Task-Frequency for each Originators
I represented the above table in Neo4j with the relationship Originator -[Frequency]->Task.
Now I need to compute similarity(eg. Jaccard Similarity) between two users using Cypher Queries only. Would like to know how is it possible or would the schema definition be altered altogether.
Thanks in advance.
Upvotes: 3
Views: 2174
Reputation: 213
The link solved my problem. Just had to take every links into consideration.
http://neo4j.com/docs/stable/cypher-cookbook-similarity-calc.html
Upvotes: 1
Reputation: 3739
This is more a starting point then an answer! If we start by ignoring the value of the frequency then I think that you can try something like:
MATCH (u1:Originator{name:'John'}), (u2:Originator{name:'Sue'})
WITH u1, u2
OPTIONAL MATCH common=(u1)-[:FREQUENCY]->(t:Task)<-[:FREQUENCY]-(u2)
WITH u1, u2, COUNT(common) as intersection
OPTIONAL MATCH (u1)-[:FREQUENCY]->(t:Task)
WITH u1, u2, intersection, COLLECT(DISTINCT t) AS t1s
OPTIONAL MATCH (u2)-[:FREQUENCY]->(t:Task)
WHERE NOT t IN t1s
WITH u1, u2, intersection, t1s + COLLECT(DISTINCT t) AS union
RETURN u1, u2, intersection / union as js
This is definitely untested and there are probably efficiencies to be found by somehow not repeatedly matching the tasks.
What the query is doing is finding the tasks that the two users have in common and storing the number of common tasks in the variable intersection
. It then uses individually matches (optionally) each user's tasks and uses these to calculate the union
(COLLECT
will create a zero length array where there are zero matches). There could be a divide by zero issue to work around in the final return statement.

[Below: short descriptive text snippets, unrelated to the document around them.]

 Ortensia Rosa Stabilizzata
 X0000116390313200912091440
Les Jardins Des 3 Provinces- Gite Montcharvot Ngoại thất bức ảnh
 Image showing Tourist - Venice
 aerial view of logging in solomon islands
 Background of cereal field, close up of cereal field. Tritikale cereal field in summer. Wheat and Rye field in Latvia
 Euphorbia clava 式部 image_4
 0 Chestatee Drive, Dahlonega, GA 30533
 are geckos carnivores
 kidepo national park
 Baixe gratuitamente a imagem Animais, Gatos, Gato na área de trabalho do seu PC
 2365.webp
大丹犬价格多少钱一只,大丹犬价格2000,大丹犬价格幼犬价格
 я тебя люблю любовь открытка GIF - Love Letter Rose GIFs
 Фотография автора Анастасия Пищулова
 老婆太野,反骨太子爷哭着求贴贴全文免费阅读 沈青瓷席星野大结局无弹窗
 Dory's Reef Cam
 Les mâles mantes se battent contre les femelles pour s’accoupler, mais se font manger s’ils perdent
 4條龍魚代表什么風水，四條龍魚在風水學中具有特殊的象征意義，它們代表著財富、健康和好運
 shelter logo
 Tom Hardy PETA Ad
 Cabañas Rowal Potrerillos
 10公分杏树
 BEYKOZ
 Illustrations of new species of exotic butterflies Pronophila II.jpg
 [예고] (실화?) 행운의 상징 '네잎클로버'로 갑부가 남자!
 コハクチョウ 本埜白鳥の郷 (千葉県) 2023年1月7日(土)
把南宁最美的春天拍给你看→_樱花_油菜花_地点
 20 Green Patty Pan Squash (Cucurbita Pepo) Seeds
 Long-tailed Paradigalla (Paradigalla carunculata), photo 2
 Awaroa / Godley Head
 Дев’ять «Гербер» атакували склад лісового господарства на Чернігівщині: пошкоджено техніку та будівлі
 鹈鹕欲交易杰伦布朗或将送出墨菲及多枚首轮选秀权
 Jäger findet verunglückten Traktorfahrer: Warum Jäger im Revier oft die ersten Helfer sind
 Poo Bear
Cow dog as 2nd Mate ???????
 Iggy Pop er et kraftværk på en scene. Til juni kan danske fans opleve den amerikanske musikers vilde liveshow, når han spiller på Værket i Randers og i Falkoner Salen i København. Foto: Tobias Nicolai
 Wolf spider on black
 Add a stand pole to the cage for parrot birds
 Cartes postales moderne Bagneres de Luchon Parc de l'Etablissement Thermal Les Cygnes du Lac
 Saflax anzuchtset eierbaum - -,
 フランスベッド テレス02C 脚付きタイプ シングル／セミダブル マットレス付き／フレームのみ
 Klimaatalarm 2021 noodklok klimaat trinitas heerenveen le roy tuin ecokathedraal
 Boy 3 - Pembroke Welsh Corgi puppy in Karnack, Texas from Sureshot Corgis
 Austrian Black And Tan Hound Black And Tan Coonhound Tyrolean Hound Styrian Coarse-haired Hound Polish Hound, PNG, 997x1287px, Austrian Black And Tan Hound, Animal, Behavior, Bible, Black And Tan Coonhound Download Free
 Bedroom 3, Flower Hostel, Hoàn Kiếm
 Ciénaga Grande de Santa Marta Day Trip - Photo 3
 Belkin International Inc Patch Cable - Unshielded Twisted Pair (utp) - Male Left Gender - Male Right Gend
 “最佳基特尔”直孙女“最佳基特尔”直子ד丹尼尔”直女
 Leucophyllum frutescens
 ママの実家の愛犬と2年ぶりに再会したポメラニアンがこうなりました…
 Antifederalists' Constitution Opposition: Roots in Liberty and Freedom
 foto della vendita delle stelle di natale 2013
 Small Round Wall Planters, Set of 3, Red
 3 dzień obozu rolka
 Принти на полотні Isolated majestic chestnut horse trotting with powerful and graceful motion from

How frequency should affect the result is hard to say, I wonder if you would be better served by swapping :Frequency
with :Completed
and creating a new relationship for every task completed (i.e 6 relationships between 'John' and 'Act A'). This would be great for supporting the intersection
but would still have interesting connotations for the Union
.
Upvotes: 1